Automated Moderation Must Keep Pace with Its Own Flaws

Whistleblower Frances Haugen’s leaked documents from Meta in 2020 revealed a disturbing statistic: the company’s algorithms designed to detect terrorist content incorrectly deleted nonviolent Arabic-language content at an alarming rate of 77 percent. This was not an isolated incident, as Meta’s own transparency report later that year showed similar findings. Five years on, researchers in the region confirm that overzealous moderation remains a persistent problem, with few solutions in sight.

The issue is particularly pronounced in less-resourced languages, where automated systems are struggling to keep pace. A 2025 report from the Center for Democracy and Technology found that labeled datasets in certain languages and dialects, such as Maghrebi Arabic and Kiswahili, contain inconsistencies, bias, and inaccuracies due to a lack of annotators who speak these languages fluently. An investigation into ChatGPT’s outputs in several low-resource languages highlights the depth of this problem.

Language disparities are just one concern among many when it comes to automated moderation. The systemic suppression of content from Palestine is another example, as well as the repeated misclassification of LGBTQ+ content as adult or explicit material. These varied examples demonstrate the risks of relying too heavily on automated systems and highlight the need for stronger safeguards.

Automated systems can process vast amounts of content at a scale that humans cannot match, potentially enabling better moderation and alleviating the psychological load on moderators who must view disturbing content. However, these systems also reproduce existing biases, struggle to understand context, and often make mistakes that disproportionately affect vulnerable communities. As Rachel Griffin noted in 2023, ‘Perfectly accurate moderation is not only technically out of reach but intrinsically impossible.’

Despite the intrinsic flaws of automated systems, there are steps companies, policymakers, and civil society can take to ensure they operate in ways that respect human rights and minimize predictable harms. If companies continue to rely on automation for content moderation – as seems likely – then accountability must evolve alongside these technologies.

One way this evolution can begin is by committing to the Santa Clara Principles 2.0. These principles, first outlined in 2020 and re-launched in 2021 after international input, reflect the needs and expectations of the global community and specifically address automation. The Foundational Principle states that companies should integrate human rights and due process considerations at all stages of content moderation, publishing information on how this integration is made.

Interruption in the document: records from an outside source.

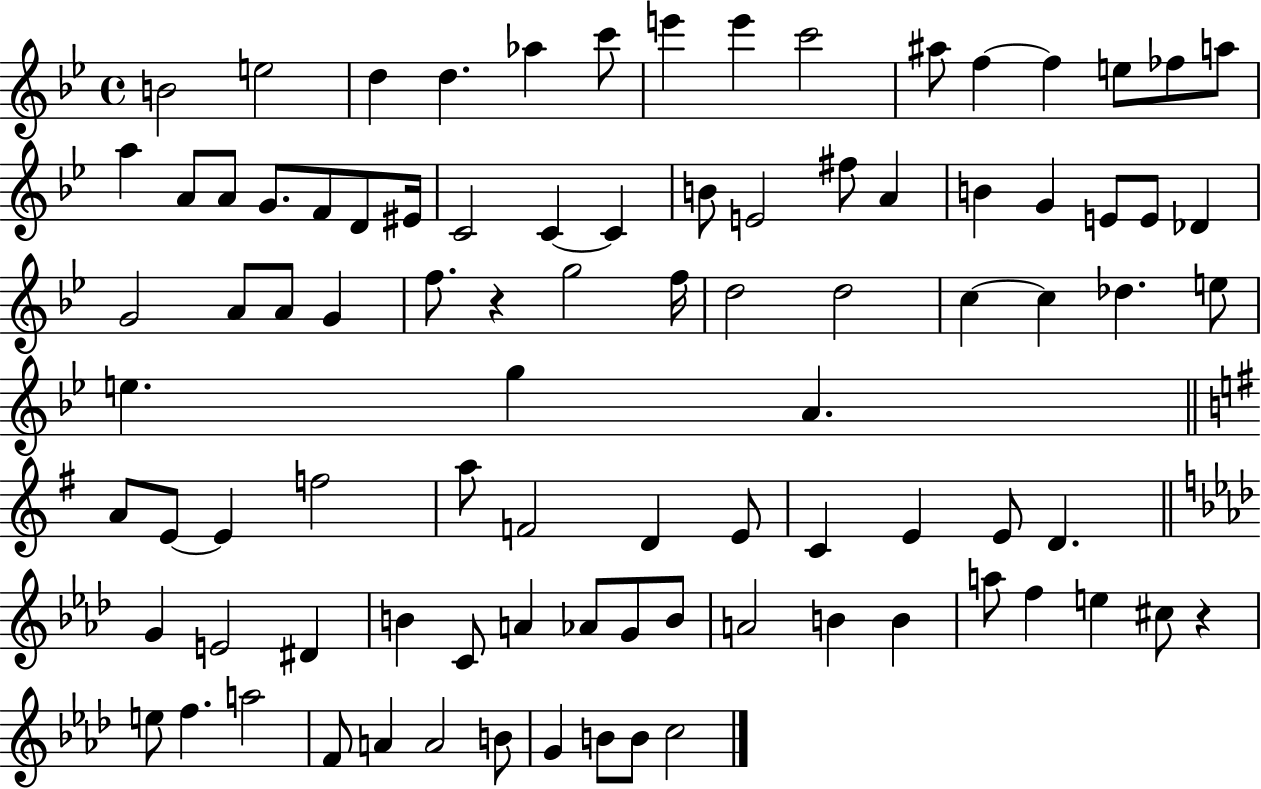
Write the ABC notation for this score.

X:1
T:Untitled
M:4/4
L:1/4
K:Bb
B2 e2 d d _a c'/2 e' e' c'2 ^a/2 f f e/2 _f/2 a/2 a A/2 A/2 G/2 F/2 D/2 ^E/4 C2 C C B/2 E2 ^f/2 A B G E/2 E/2 _D G2 A/2 A/2 G f/2 z g2 f/4 d2 d2 c c _d e/2 e g A A/2 E/2 E f2 a/2 F2 D E/2 C E E/2 D G E2 ^D B C/2 A _A/2 G/2 B/2 A2 B B a/2 f e ^c/2 z e/2 f a2 F/2 A A2 B/2 G B/2 B/2 c2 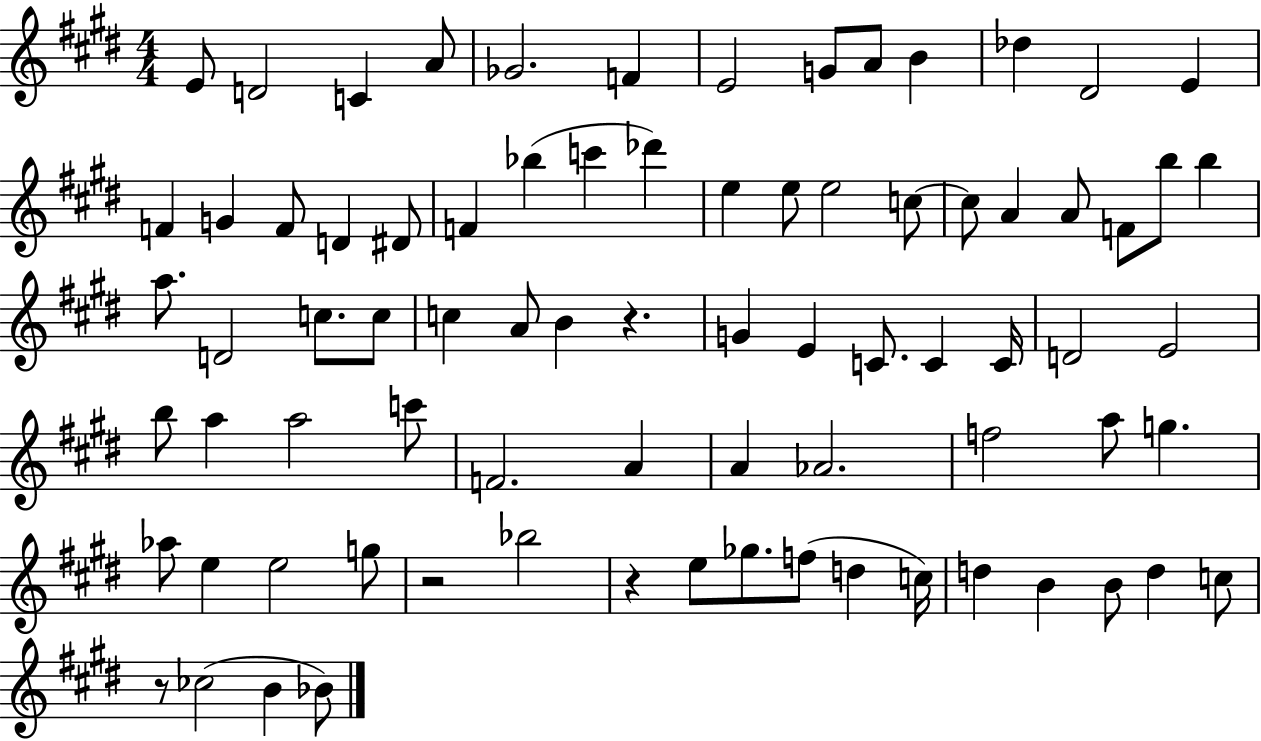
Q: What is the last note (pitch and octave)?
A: Bb4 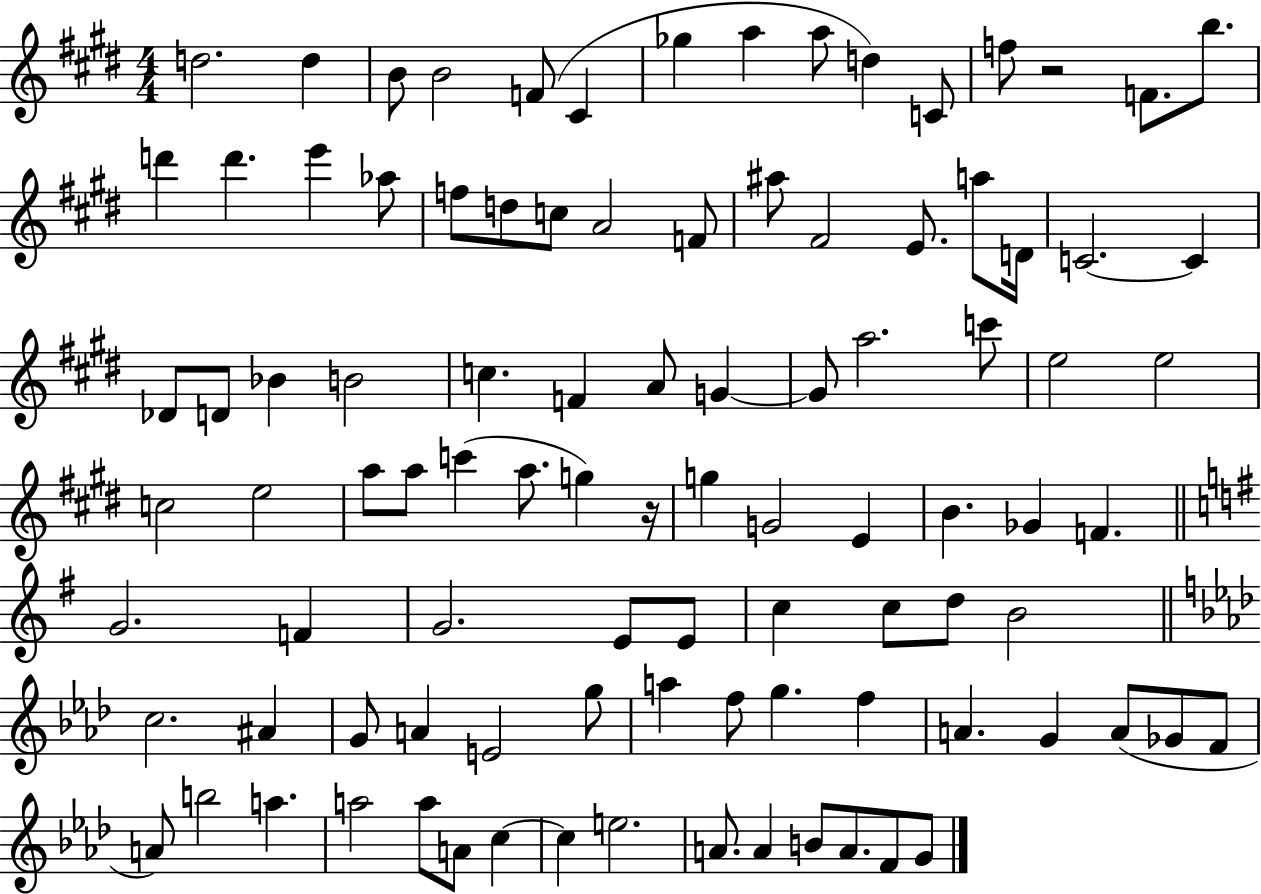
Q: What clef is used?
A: treble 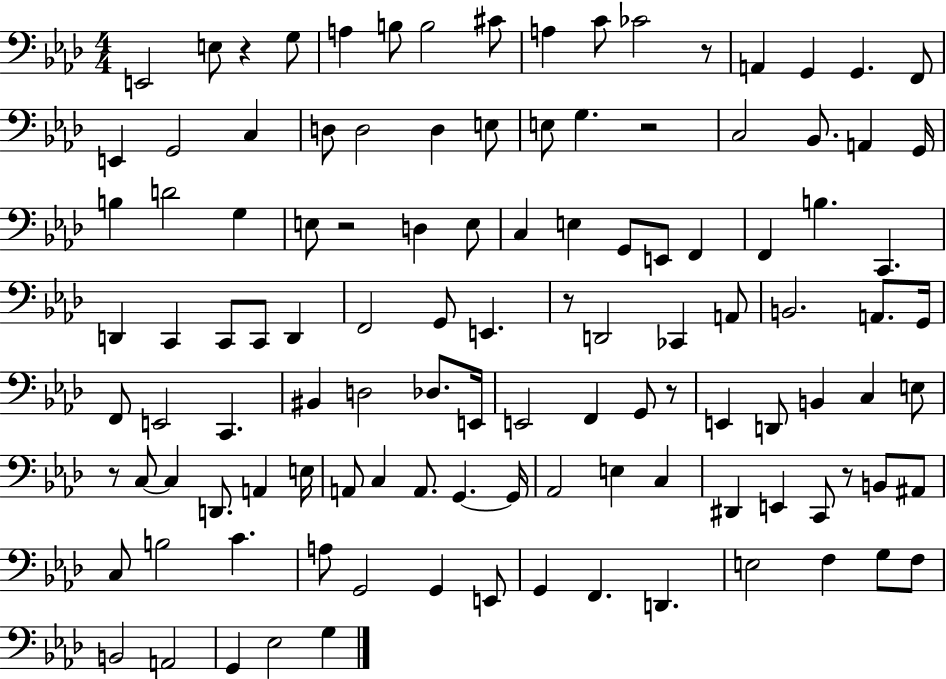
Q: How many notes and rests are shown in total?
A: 115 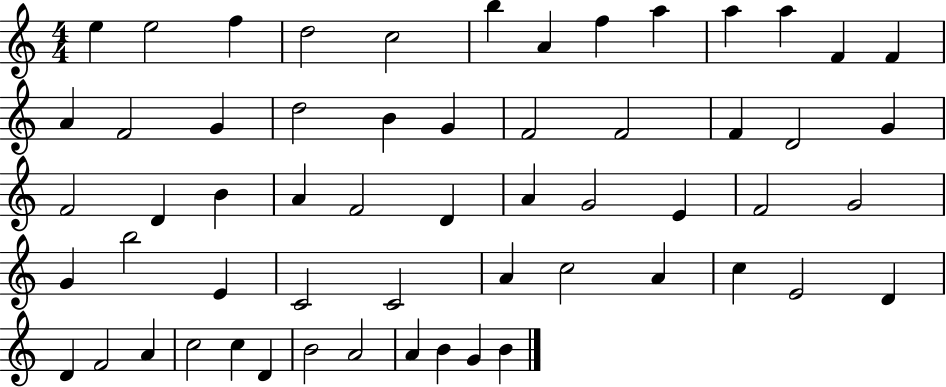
{
  \clef treble
  \numericTimeSignature
  \time 4/4
  \key c \major
  e''4 e''2 f''4 | d''2 c''2 | b''4 a'4 f''4 a''4 | a''4 a''4 f'4 f'4 | \break a'4 f'2 g'4 | d''2 b'4 g'4 | f'2 f'2 | f'4 d'2 g'4 | \break f'2 d'4 b'4 | a'4 f'2 d'4 | a'4 g'2 e'4 | f'2 g'2 | \break g'4 b''2 e'4 | c'2 c'2 | a'4 c''2 a'4 | c''4 e'2 d'4 | \break d'4 f'2 a'4 | c''2 c''4 d'4 | b'2 a'2 | a'4 b'4 g'4 b'4 | \break \bar "|."
} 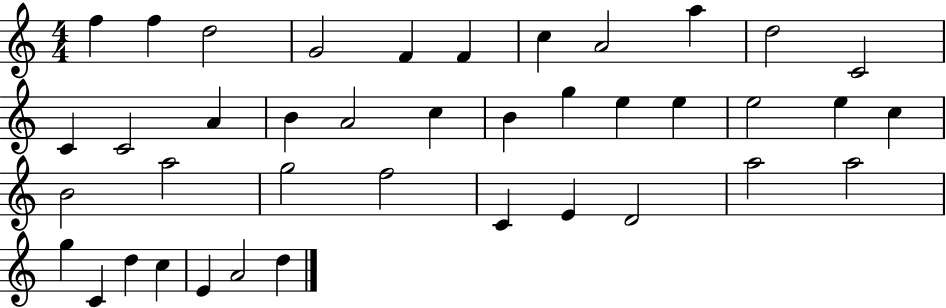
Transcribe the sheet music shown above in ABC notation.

X:1
T:Untitled
M:4/4
L:1/4
K:C
f f d2 G2 F F c A2 a d2 C2 C C2 A B A2 c B g e e e2 e c B2 a2 g2 f2 C E D2 a2 a2 g C d c E A2 d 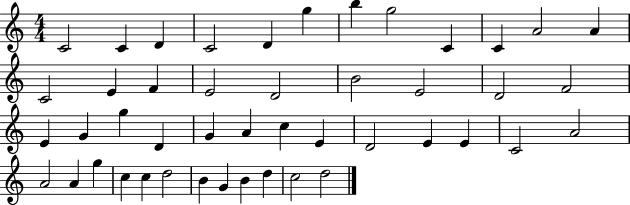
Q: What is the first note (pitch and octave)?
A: C4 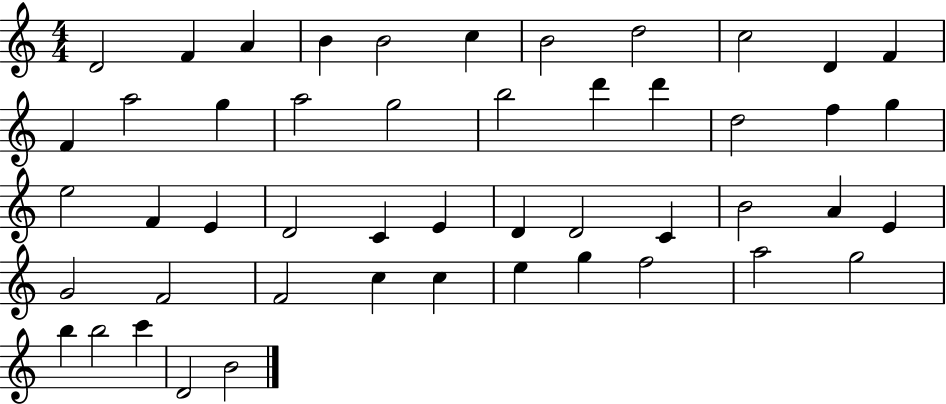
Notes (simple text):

D4/h F4/q A4/q B4/q B4/h C5/q B4/h D5/h C5/h D4/q F4/q F4/q A5/h G5/q A5/h G5/h B5/h D6/q D6/q D5/h F5/q G5/q E5/h F4/q E4/q D4/h C4/q E4/q D4/q D4/h C4/q B4/h A4/q E4/q G4/h F4/h F4/h C5/q C5/q E5/q G5/q F5/h A5/h G5/h B5/q B5/h C6/q D4/h B4/h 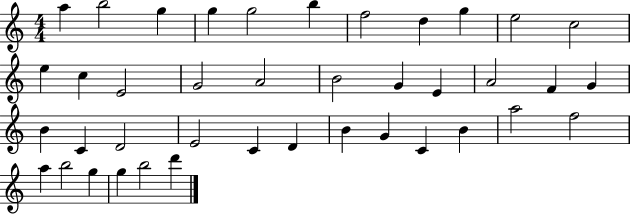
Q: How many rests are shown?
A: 0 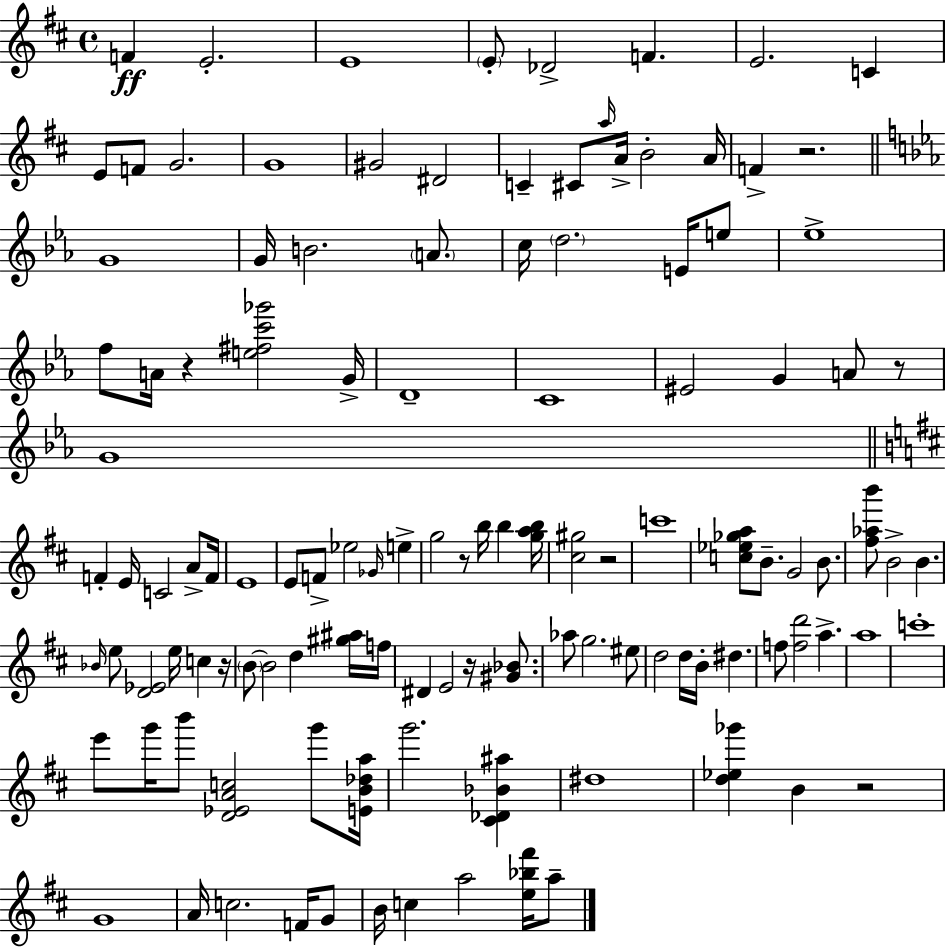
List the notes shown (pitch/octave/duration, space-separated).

Companies should only use automated processes to identify or remove content when there is sufficient confidence in their quality and accuracy. Users must also have clear and accessible methods for obtaining support if they believe their content has been wrongfully removed. Drawing on the Santa Clara Principles 2.0, international human rights standards, and years of research documenting the shortcomings of automated moderation, we propose eight recommendations for policymakers thinking about regulation and companies deploying AI-assisted content moderation systems.

These recommendations include ensuring that automated technologies complement, rather than replace, human moderators. Companies must be transparent about when and how automation is used in content decisions, regularly auditing their systems for bias – particularly in low-resource languages and conflict zones. Users should have the ability to appeal moderation decisions, providing context if necessary, with appeals promptly evaluated by human moderators.

Companies should also assess the human rights impact of their moderation decisions, issuing public statements on the results. If they rely on third-party vendors, companies must carefully audit those vendors for compliance with these principles. Lawmakers and policymakers should avoid promoting legislation that effectively or explicitly mandates automated moderation systems, instead focusing on creating a regulatory framework that prioritizes transparency and accountability.

The design and oversight of content moderation systems must respond to the concerns of policymakers, civil society, independent researchers, and affected communities. This is not just a technical problem for engineers and product teams to solve; it requires a comprehensive approach that addresses the complex issues at play.